Faiblesse autonomiste

La classe politique à Québec a beaucoup parlé de souverainisme et de son pendant, le fédéralisme, au cours de la dernière quinzaine. L’arrivée de deux souverainistes pas tant repentis qu’autocensurés que sont Caroline St-Hilaire et Bernard Drainville a certes ravivé l’intérêt pour cette familière dichotomie, mais il faut dire que François Legault avait en quelque sorte préparé le terrain au congrès de la Coalition avenir Québec (CAQ) avec sa sortie sur la survie de la nation québécoise et la perspective d’un destin louisianais.

L’irruption de Bernard Drainville a permis au député libéral Marc Tanguay de brandir à l’Assemblée nationale, une fois encore, le spectre de ce référendum « caché parce qu’il fait peur », tandis qu’on apprenait que l’élu, alors jeune bloquiste, militait pour le Oui en 1995. Étourderie de jeunesse, sans doute.

Ce qui prouverait pour Simon Jolin-Barrette, qui a fait ses choux gras de ces vestes qu’on retourne, que seuls les imbéciles ne changent pas d’idée. Qu’un fervent fédéraliste comme Marc Tanguay ait pu un jour se poser en fringant souverainiste relativise le fait que les fortes convictions indépendantistes d’un Bernard Drainville puissent se volatiliser pour se perdre dans les relents du pouvoir.

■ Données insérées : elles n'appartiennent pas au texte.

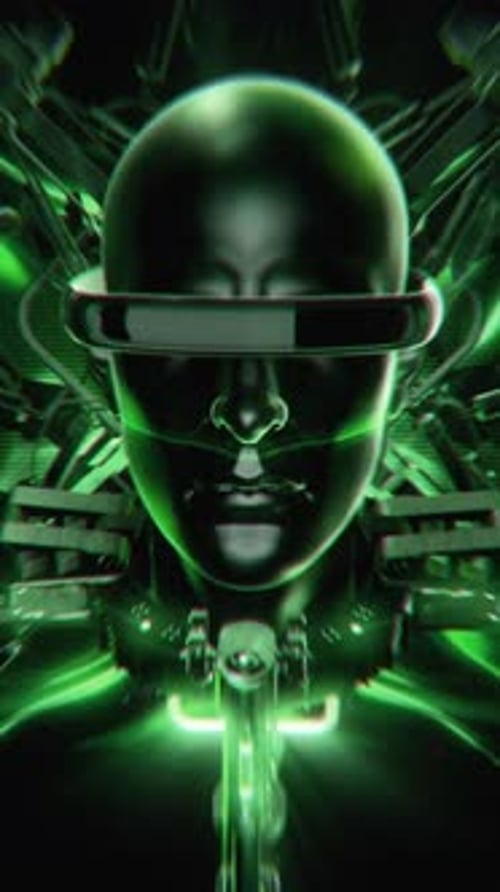 3D Robotic Heads Production Line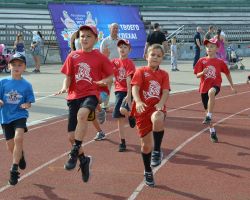 10.08.2013. День физкультурника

François Legault l’a répété : la CAQ est une coalition où se retrouvent des fédéralistes et des souverainistes et qui prône un nationalisme « à l’intérieur du Canada ». Il y a dix ans, au début de cette coalition, il était apparu clair que, si les fédéralistes pouvaient en son sein exprimer sans ambages leur amour pour les Rocheuses, les souverainistes devaient, eux, laisser leurs convictions au vestiaire ou, pire, faire semblant qu’elles n’existaient plus. Il faut dire que les premiers se satisfont du statu quo alors que les seconds aspirent à changer l’ordre des choses. Ne rien faire ne demande ni d’effort ni de don particulier.

Et puis, il y a plusieurs élus caquistes qui ne sont ni l’un ni l’autre. « Je ne suis pas fédéraliste. Je ne suis pas souverainiste. Je suis résolument nationaliste », a affirmé jeudi à l’Assemblée nationale la ministre responsable des Relations canadiennes, Sonia LeBel, décrivant ainsi une sorte de degré zéro de la politique. Au Québec, tout le monde se dit nationaliste. Même Philippe Couillard, communautariste bon teint, se disait nationaliste. Même des membres de Québec solidaire qui, jadis, entonnaient L’Internationale, se disent nationalistes. Tout le monde est malheureux, chante Vigneault. En fait, tout le monde est nationaliste. S’affirmer tel ne veut pas dire grand-chose.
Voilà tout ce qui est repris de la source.